Posted: Mon Apr 14, 2008 8:41 am 
Subject: 4 Oscars 
Hello Everyone!  
I'm new to Oscars and Cichlids...I have 1 red named Shrimp, 1 tiger named Skampy, 2 albino (pink) named Beauty and Beast. There in a 65 gallon tank, Shrimp and Skampy are about half the size of your palm,and Beauty and Beast are about the size of your palm. I always buy the Beefheart frozen from Petsmart,I was told by a guy in the store that I could go to the market and just give them fresh cows heart. Is that safe, being that it's not cooked? and could my cichlids (8 mixed) have the same? The Oscars and Cichlids diets throughout the week are a wide range of Omega One pellets,flakes,shrimp,krill. Frozen bloodworms and beefheart,and a peas. On Sundays I buy Rosey Red Fish as a treat for all of them....Am I doing this right with the food? I would take pictures,but don't know how to download them (not really a computer person)..I would love to hear any advice..If you need any other info,please ask...This site is great!Thanks a Bunch! 
:thumb:


----------



## Big Vine (Feb 26, 2007)

Hey there, nice to see you looking out for your oscars and their other cichlid tankmates.
Do you have plans on rehousing these guys in a bigger tank within the next couple months?
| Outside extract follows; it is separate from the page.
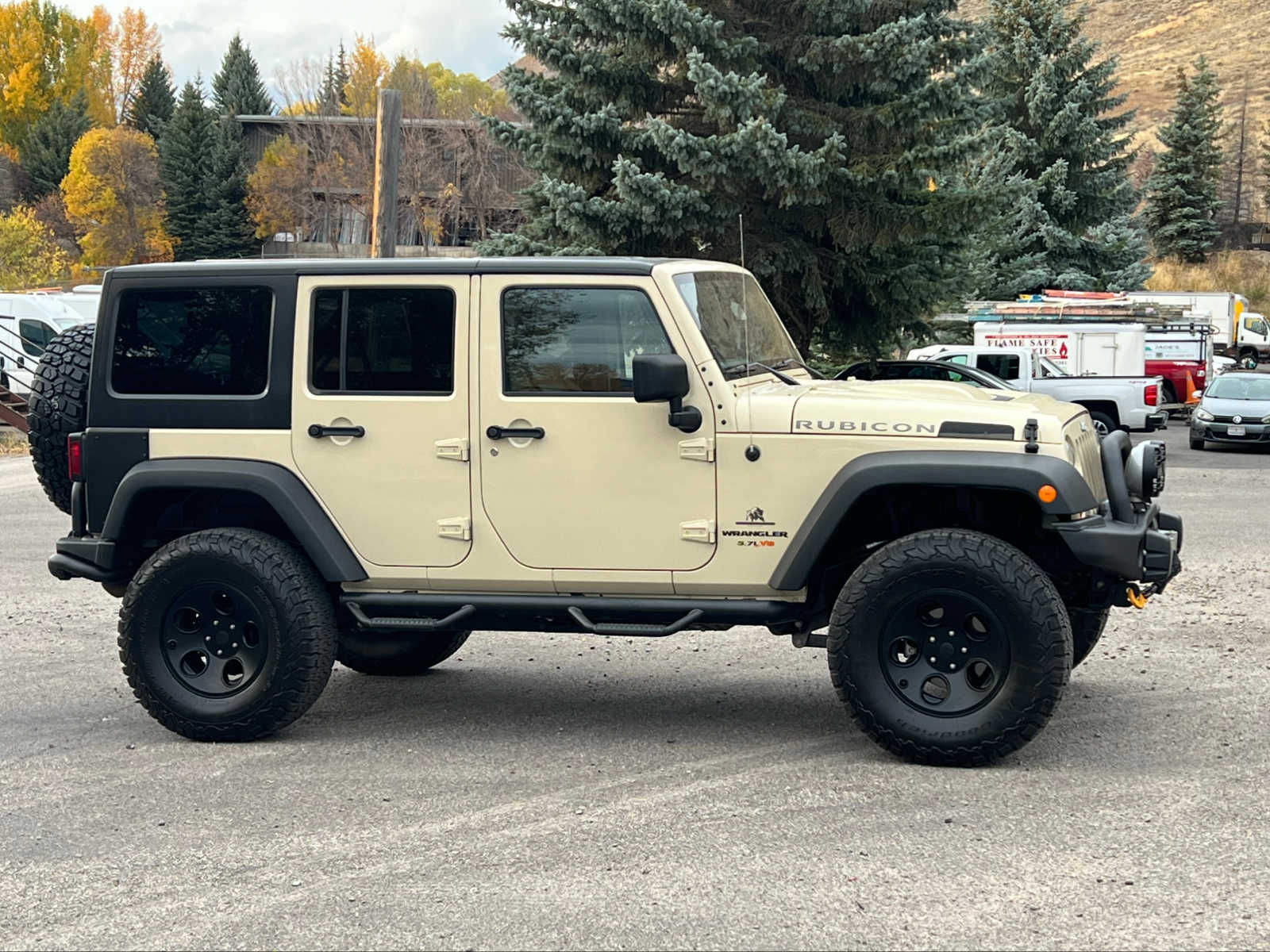 2011 Jeep Wrangler Unlimited Rubicon 6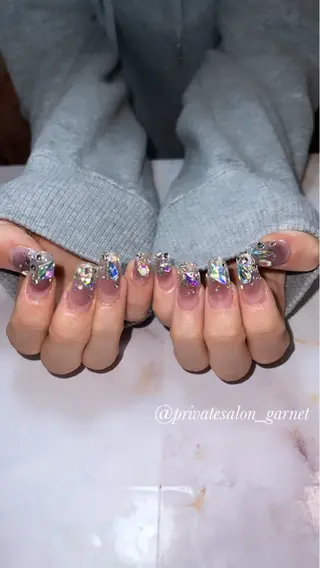 ネイル Garnet nailのネイルデザイン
Personally I'd stay away from the cow meat.
Fresh/frozen (raw) shrimp and other fish-based offerings (stay away from live feeders) would be best, as they are typically lower in fat content and easier for your oscars to digest.

BV


----------



## DMWave45 (Jan 22, 2008)

What are you "other cichlids?"


----------



## BlackShark11k (Feb 16, 2007)

Welcome to the site! 

I would steer clear of the cow meat. Is high in fat and harmful to your fish in the long run. Not only that, but raw meat as fish food...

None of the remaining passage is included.